2.2. Survey and Fecal Sample Collection

The formula n = Z2P(1 − P)/d2 was used to determine the minimum sample sizes for this study, using prevalences of 10% and 30% for children and calves, respectively, with a desired precision of 5% at a 95% confidence level [19]. The minimum sample sizes were calculated as 139 for children and 323 for calves. In this study, 299 and 699 fresh fecal samples were collected from children and calves, respectively. Each participant provided one sample in a labeled zipper bag. Fresh calf feces were collected directly from the rectum and, in some cases, from the ground using disposable gloves. Polythene papers were provided for the children so that they could defecate on them before placing their samples in zipper bags. During sampling, additional data, such as age, sex, breed (for calves), and fecal consistency, were collected with the help of pretested questionnaires. Immediately after collection, samples were placed in an ice box and delivered to the laboratory. The samples were sieved, centrifuged, and stored at 4°C in 2.5% (w/v) potassium dichromate until DNA extraction.

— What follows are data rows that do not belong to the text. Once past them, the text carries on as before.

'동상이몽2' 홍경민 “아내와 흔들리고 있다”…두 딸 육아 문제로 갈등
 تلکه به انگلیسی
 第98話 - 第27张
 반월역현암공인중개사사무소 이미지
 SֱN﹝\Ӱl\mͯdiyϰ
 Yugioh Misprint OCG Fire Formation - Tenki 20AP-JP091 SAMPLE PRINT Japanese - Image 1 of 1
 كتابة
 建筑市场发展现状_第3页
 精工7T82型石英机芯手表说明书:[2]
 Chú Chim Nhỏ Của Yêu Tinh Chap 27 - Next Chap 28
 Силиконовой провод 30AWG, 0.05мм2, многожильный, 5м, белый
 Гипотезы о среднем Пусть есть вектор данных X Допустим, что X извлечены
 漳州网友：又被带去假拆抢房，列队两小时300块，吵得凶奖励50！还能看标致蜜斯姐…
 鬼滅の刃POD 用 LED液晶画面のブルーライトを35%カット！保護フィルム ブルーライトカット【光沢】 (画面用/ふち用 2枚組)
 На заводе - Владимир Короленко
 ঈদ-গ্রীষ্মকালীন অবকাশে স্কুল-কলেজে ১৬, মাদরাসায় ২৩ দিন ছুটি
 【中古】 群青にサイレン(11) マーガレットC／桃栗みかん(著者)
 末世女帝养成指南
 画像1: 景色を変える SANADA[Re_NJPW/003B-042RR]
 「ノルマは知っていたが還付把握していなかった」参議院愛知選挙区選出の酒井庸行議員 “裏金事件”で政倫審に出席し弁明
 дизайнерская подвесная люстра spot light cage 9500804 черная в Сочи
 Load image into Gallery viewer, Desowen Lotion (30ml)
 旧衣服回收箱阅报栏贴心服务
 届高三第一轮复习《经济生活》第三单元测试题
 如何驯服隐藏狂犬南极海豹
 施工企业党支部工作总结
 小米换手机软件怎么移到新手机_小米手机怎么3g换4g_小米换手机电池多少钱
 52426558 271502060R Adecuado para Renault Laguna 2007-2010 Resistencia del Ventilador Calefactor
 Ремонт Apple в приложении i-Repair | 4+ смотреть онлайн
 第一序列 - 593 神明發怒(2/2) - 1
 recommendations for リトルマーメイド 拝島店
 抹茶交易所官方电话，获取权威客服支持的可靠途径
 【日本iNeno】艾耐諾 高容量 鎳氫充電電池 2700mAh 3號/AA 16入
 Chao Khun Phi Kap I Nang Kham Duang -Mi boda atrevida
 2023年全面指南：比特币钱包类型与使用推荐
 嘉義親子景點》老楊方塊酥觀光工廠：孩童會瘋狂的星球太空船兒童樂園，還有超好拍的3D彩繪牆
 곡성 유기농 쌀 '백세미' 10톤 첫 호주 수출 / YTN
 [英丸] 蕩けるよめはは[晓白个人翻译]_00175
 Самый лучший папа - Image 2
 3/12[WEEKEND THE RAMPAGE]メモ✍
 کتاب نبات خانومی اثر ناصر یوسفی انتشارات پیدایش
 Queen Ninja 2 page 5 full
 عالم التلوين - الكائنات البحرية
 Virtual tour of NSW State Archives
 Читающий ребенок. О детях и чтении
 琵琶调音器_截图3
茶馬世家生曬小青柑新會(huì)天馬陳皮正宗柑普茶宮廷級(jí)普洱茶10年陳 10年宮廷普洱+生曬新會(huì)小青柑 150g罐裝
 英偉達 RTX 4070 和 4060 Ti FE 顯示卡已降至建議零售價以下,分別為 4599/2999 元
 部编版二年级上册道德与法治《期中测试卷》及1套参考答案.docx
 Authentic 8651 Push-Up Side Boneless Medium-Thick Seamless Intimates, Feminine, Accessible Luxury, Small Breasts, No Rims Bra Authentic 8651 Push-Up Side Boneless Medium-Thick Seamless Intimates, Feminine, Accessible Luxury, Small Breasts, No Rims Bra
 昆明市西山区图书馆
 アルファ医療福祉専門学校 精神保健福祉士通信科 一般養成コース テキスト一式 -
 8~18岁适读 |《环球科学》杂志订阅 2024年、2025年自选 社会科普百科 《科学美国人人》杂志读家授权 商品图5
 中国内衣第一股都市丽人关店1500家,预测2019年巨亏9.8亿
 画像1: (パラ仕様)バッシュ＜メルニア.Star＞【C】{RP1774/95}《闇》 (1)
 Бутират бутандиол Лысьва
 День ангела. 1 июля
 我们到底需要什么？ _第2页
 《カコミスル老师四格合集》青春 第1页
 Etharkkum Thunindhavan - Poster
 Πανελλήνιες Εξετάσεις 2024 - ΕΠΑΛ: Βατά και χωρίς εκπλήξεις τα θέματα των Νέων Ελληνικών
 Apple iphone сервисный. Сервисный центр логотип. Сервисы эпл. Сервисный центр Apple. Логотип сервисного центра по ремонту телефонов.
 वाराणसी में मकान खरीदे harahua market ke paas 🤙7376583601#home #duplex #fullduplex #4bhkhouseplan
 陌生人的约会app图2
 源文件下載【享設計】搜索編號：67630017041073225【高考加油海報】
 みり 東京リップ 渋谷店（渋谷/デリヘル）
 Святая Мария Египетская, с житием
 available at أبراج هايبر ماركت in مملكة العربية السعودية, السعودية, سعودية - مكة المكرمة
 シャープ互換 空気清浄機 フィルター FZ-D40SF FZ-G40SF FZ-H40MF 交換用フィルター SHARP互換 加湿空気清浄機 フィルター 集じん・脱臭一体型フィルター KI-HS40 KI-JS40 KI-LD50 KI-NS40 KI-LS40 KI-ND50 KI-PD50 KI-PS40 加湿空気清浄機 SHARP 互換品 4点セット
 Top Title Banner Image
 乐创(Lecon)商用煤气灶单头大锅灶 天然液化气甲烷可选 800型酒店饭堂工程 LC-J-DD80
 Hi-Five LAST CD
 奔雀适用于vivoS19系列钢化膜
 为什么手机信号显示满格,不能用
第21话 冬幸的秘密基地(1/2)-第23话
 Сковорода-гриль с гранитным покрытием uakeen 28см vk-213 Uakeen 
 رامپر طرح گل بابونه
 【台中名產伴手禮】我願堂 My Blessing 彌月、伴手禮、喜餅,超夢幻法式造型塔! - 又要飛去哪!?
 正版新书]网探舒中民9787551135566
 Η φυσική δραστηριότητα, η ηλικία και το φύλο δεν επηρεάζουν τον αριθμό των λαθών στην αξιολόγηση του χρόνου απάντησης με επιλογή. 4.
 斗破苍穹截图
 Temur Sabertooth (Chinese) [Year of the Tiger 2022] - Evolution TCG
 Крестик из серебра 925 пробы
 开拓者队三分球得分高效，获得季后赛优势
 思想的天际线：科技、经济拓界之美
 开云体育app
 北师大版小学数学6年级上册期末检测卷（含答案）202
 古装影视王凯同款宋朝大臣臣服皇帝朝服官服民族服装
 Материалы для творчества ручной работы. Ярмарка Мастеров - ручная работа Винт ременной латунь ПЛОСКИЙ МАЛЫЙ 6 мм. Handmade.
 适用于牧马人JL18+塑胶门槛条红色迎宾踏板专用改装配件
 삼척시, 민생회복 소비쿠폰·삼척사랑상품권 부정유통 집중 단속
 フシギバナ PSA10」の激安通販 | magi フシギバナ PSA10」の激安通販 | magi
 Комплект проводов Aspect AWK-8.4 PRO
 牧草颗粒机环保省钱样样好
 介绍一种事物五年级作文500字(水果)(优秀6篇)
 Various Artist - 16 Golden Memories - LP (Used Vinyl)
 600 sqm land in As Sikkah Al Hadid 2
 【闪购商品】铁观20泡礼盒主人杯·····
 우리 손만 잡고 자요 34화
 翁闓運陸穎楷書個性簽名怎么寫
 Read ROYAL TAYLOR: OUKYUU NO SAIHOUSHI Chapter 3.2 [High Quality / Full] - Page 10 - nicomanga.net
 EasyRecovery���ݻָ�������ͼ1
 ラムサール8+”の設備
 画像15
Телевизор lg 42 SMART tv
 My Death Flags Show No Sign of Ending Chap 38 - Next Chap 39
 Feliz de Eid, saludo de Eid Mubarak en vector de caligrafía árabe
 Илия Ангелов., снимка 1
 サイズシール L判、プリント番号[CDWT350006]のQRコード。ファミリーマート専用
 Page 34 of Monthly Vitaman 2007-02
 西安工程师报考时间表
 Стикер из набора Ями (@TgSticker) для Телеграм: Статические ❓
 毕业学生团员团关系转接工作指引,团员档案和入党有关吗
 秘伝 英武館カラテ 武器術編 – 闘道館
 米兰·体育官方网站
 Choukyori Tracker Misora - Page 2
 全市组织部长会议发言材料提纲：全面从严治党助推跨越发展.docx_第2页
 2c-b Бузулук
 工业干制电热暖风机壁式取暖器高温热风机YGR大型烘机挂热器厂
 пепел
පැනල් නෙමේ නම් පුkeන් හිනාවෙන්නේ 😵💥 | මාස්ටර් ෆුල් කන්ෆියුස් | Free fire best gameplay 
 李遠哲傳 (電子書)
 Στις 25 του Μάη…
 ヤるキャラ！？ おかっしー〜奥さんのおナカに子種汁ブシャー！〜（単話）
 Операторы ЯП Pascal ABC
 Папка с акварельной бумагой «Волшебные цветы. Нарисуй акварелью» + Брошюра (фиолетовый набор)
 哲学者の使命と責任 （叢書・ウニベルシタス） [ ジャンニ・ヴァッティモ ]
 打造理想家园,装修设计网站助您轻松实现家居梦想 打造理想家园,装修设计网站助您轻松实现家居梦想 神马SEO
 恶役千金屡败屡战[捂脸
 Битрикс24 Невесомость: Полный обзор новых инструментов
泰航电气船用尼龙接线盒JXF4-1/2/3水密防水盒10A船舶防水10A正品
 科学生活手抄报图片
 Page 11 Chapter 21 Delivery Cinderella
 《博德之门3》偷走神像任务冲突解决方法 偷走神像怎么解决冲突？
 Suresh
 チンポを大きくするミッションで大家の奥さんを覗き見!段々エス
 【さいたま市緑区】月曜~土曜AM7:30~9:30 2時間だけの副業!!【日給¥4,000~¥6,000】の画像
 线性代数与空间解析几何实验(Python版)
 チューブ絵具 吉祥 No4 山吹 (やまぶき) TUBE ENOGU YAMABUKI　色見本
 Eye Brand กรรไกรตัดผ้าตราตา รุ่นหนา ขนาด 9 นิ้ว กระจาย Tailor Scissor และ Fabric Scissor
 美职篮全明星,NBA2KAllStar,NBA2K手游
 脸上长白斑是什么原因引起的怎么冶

2.3. DNA Extraction and PCR Amplification

The potassium dichromate was eliminated from the stored fecal samples by repeated washings with deionized water. The E.Z.N.A.® Stool DNA kit (Omega Bio-tek Inc., Norcross, GA, USA) was used to extract total DNA from each fecal sample. Around 200 mg of the fecal sample was used for DNA extraction, as directed by the manufacturer’s instructions. Finally, the obtained DNA was suspended in 200 μL of elution buffer [20]. DNA samples were stored at 20°C until used for PCR. All samples were tested for G. duodenalis using a nested PCR amplification of the 290-bp fragment of the ssu rRNA gene (see [21] for reaction conditions, volumes, and primer information). The secondary PCR products were electrophoresed on a 1.5% agarose gel and examined using a transilluminator after being stained with ethidium bromide. Each round of PCR amplification comprised both a positive control (DNA of G. duodenalis assemblage B from a human) and a negative control (distilled water). All samples were screened in triplicate.

2.4. Multilocus Genotyping (MLG) of G. duodenalis

Giardia duodenalis samples positive by ssu rRNA PCR were subjected to MLG analysis, which included a nested PCR amplification of the bg, gdh, and tpi genes. We targeted nested PCRs to amplify fragments of the bg, gdh, and tpi genes under conditions previously described by Lalle et al. [22]; Appelbee et al. [23]; and Sulaiman et al. [24]; respectively, with some modifications [25, 26]. Each round of PCR amplification contained both positive and negative controls to ensure the accuracy of the results.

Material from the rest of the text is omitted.